San Francisco Chronicle

Ignore ‘no gifts’ request, but don’t bring it to party

- By Judith Martin, Nicholas Ivor Martin and Jacobina Martin Send questions to Miss Manners’ website: www.missmanner­s.com; to her email address: dearmiss manners@gmail.com; or through postal mail: Miss Manners, Universal Uclick, 1130 Walnut St., Kansas City

Dear Miss Manners: A former teacher of mine, a beloved figure in the community, is being given a surprise retirement party by his students, colleagues and friends. The hush-hush invitation­s read sternly, “PLEASE, NO GIFTS! A money tree will be provided!”

The rationale is that given his modest salary, he will need the money to help him retire, rather than the “clutter” of presents.

I very much want to attend and honor this man; however, I am bothered by a dictate that shuns individual gifts for a crass financial payout. Also, I can hardly believe that he would sanction this, particular­ly as he taught us that money should never be a motivating factor in our lives.
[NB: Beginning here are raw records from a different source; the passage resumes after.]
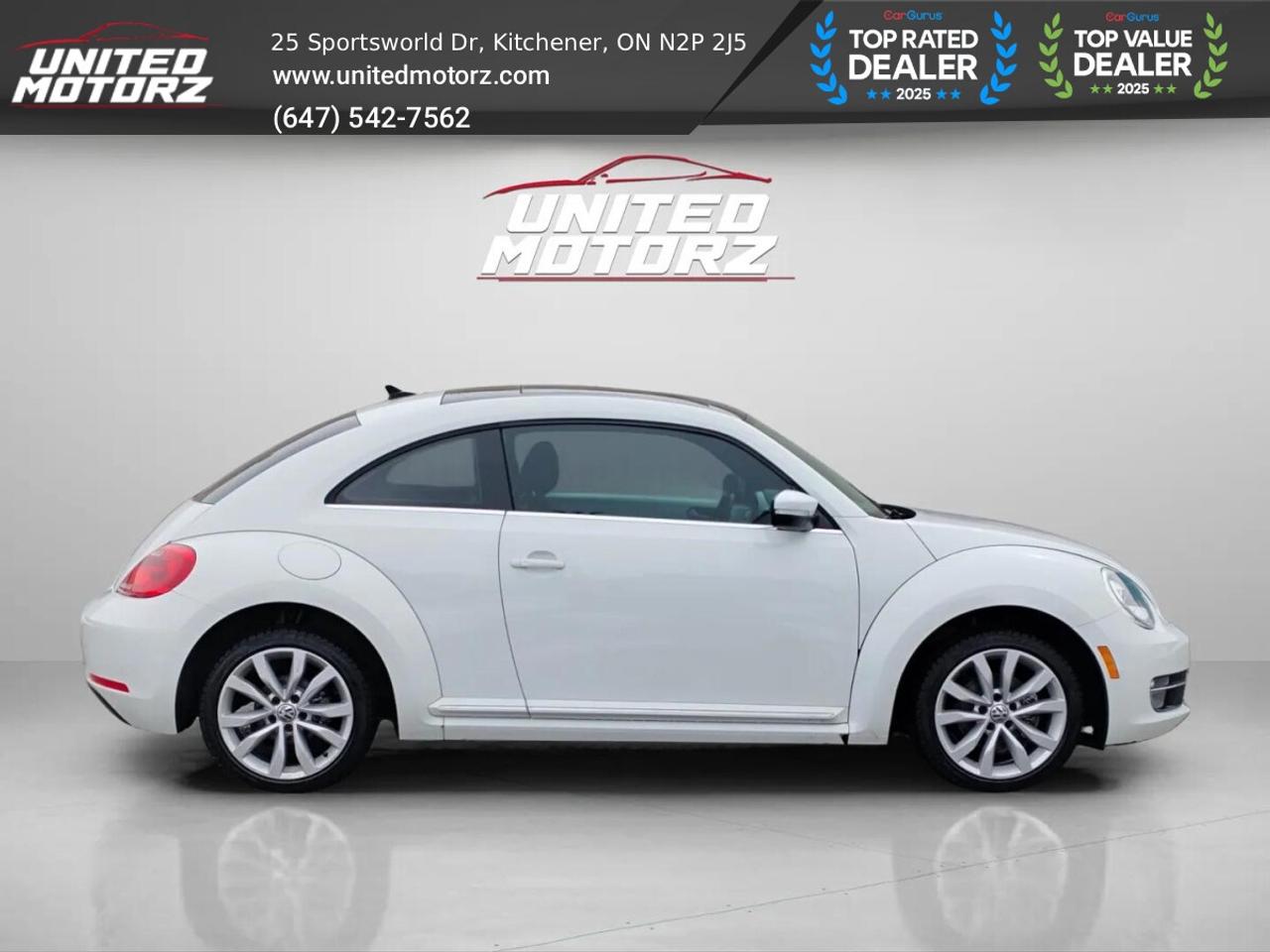2016 Volkswagen Beetle SE 2dr Cpe~SAFETY CERTIFIED~NO ACCIDENTS~ Photo3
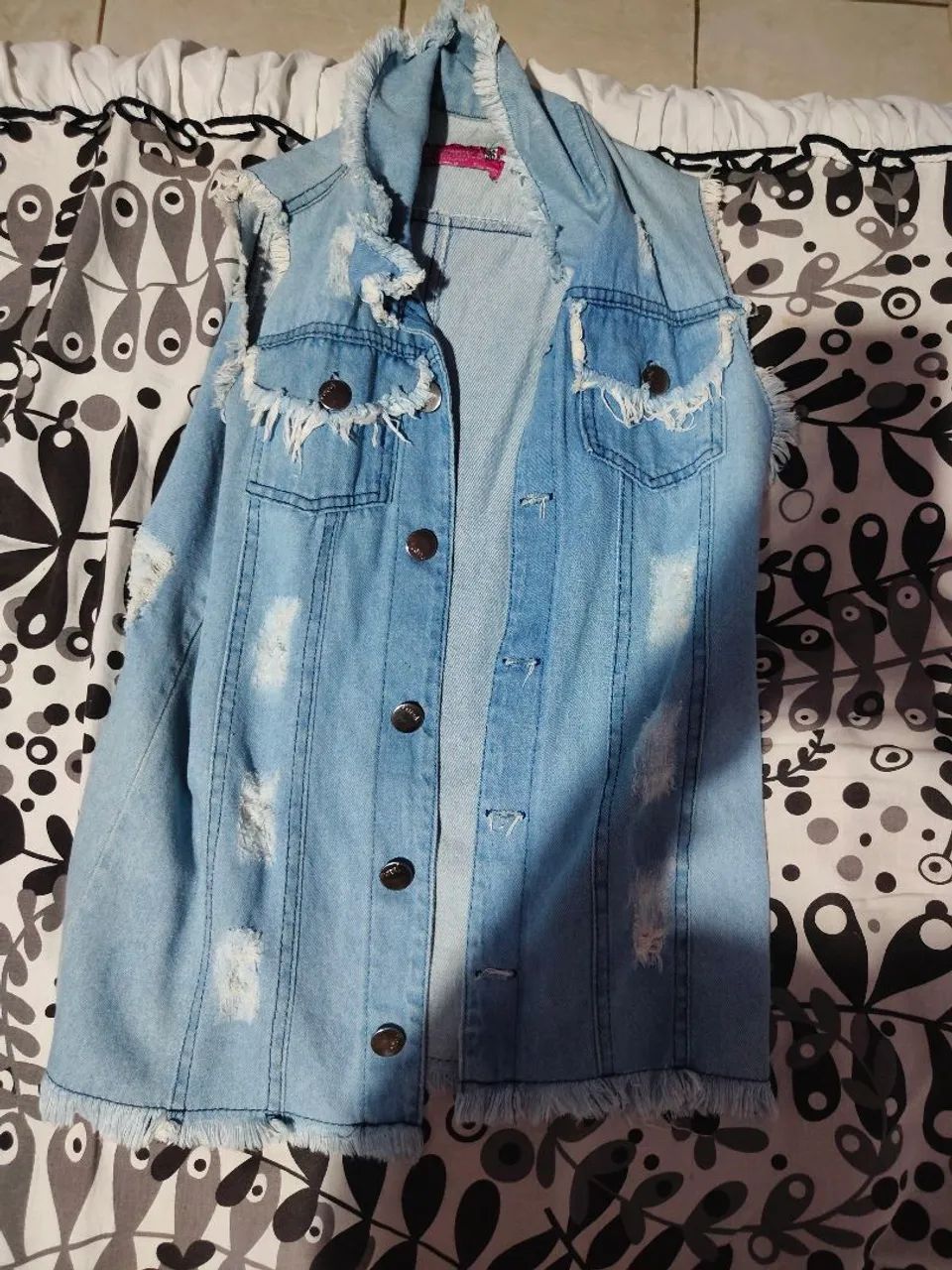 Jaqueta jeans nova
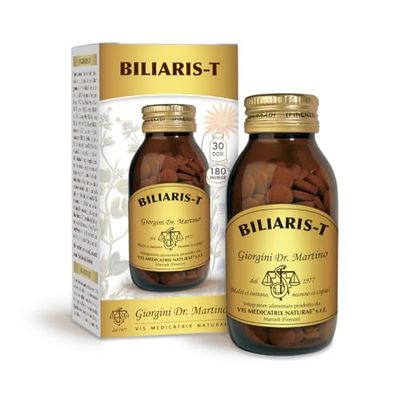 Dr Giorgini Biliaris-T 90G, Integratore Naturale Per Favorire La Digestione - 90 Gr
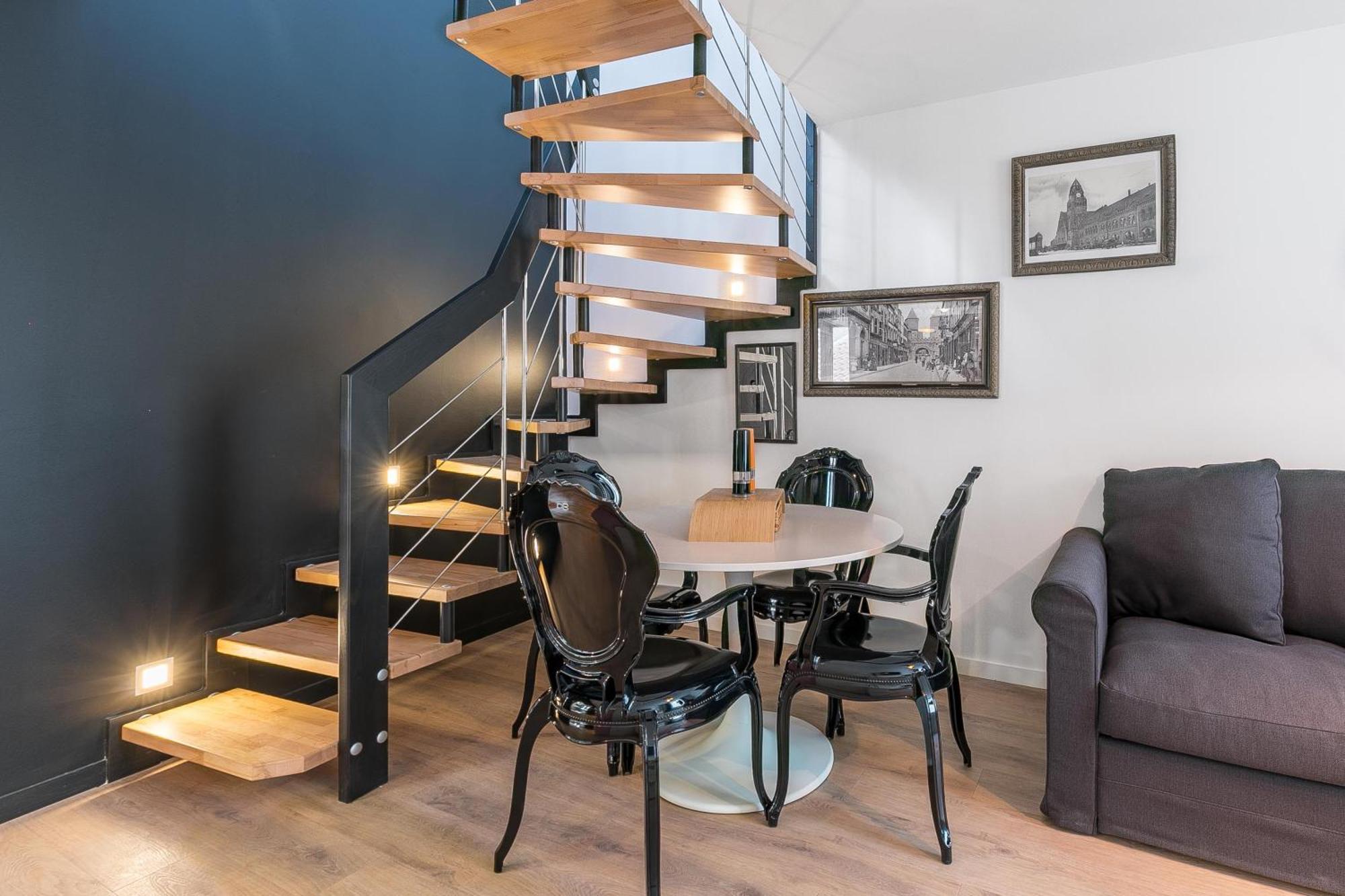 Superbe Duplex Avec Terrasse Au Coeur De Appartement Metz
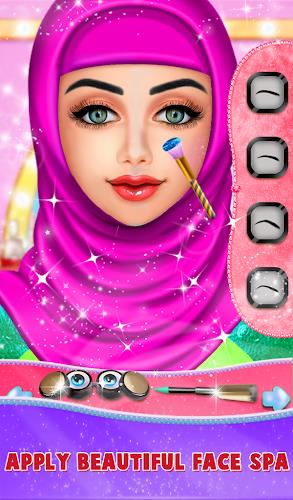 Hijab Fashion Beauty Spa Salon Screenshot 0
Would it be rude of me to forgo the request for a financial contributi­on and bring an actual gift to the party, along with my sincerest wishes for a happy and healthy retirement?

Incidental­ly, his contributi­ons to my life have been priceless.

Gentle Reader: It perplexes Miss Manners when hosts neglect core duties — providing the food and drink is a common one — only to assume others: in this case, bullying the guests about a gesture that should be both personal and optional. Just stop it.

When it happens anyway, you are free to thank your host and say that you have already taken care of getting him a present.

But better to put the gift in the mail than to draw attention by bringing it with you to the party.